Set in 1637 the novel starts with the fair at Fecamp, at which were:
the pitches of stilt-walkers and funambulists, the morris dancers and hobby-horses: in a word, of an innumerable company of quacks, jugglers, poor students, and pasteboard giants, come together for the delectation of the gaping Normans.
Into this company come the main players of the story: a showman called Master Crafty-Eyes, a sad boy called Jehan, Taras, his monkey and later the "man in black".
Jehan is a boy without a past and at the mercy of the adults in the story. He is under the lock and key of his master, who bought him from gypsies:
"I have to put up the boy…I am not going to lose him for you or for anyone. And for a penny he'd be off!"….It was a vile, evil-smelling place they entered, divided into six or eight stalls by wooden partitions reaching half-way to the tiles. "You cannot lock him in here," said the stranger, looking round him.
The showman grunted. "Cannot I?"
Later, the boy's despair is depicted:
The moon, shining with great brightness through the little square aperture above him…roused him more completely. He sat up and gazed at it, and God knows what softening thoughts and pitiful recollections the beauty of the night brought into his mind; but presently he began to weep--not as a child cries, with noise and wailing, but in silence, as a man weeps. The monkey awoke and crept into his breast, but he hardly regarded it. The misery, the hopelessness, the slavery of his life, ignored from hour to hour, or borne at other times with a boy's nonchalance, filled his heart.
Then he is given a chance to escape, from the mysterious stranger who had accompanied the showman home. This man is Soloman Notredame--the man in black. And although Jehan is no longer beaten or starved he lives in fear of the dark, imposing man who tells him:
"You have sold yourself to the devil. You have sold yourself--body, soul and spirit. You came of your own accord, and climbed on the black horse."
The story unfolds to tell of the adventures Jehan has with "the man in black" who acts as an astrologer for the rich whilst paying the poor for information.
Few in the Rue Touchet knew that the house had a second door, which did not open on the water, as the back doors of the riverside houses did, but on a quiet street leading to it.
M. Notredame's house was, in fact, double, and served two sorts of clients.
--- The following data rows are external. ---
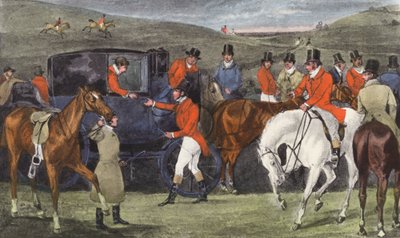Das "Treffen" mit Lord Derbys Hirschhunden von Henry Thomas (after) Alken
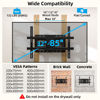 Picture of HOME VISION Full Motion TV Wall Mount for Most 32-85 inch TVs up to132lbs, Wall Mount TV Bracket Dual Articulating Arms, Swivel, Tilting, Leveling TV Mount, Max VESA 600x400mm, Fits 8"12"16" Wood Stud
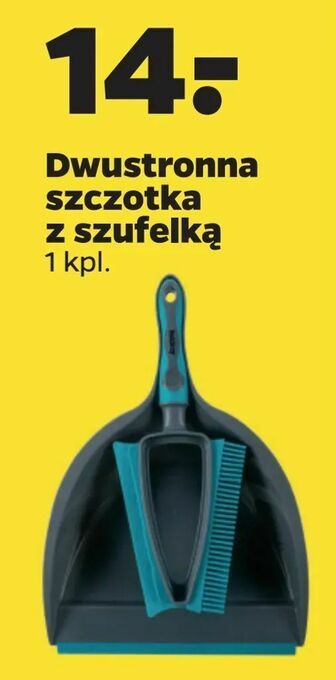 Netto Dwustronna szczotka z szufelką oferta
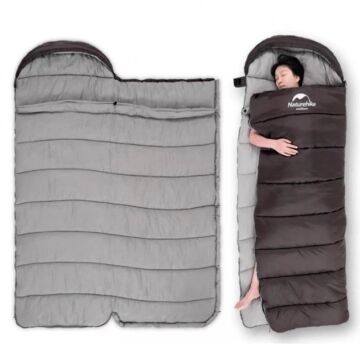 NATUREHIKE U350S Kapüşonlu Uyku Tulumu -17 Derece (Kahverengi-Sağ)
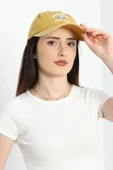 Baskılı Şapka Hardal - 1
Great ladies and courtiers, wives of the long robe and city madams, came to the door in the quiet street, and knew nothing of the Rue Touchet. Through the latter, on the other hand, came those who paid in meal, if not in malt; lackeys and waiting-maids, and skulking apprentices, and led-captains, the dregs of the quarter, sodden with vice and crime--and knowledge.
The story progresses through poisonings and the re-emergence of Master Crafty-Eyes to a final happy ending for the young boy as he is returned to his true family.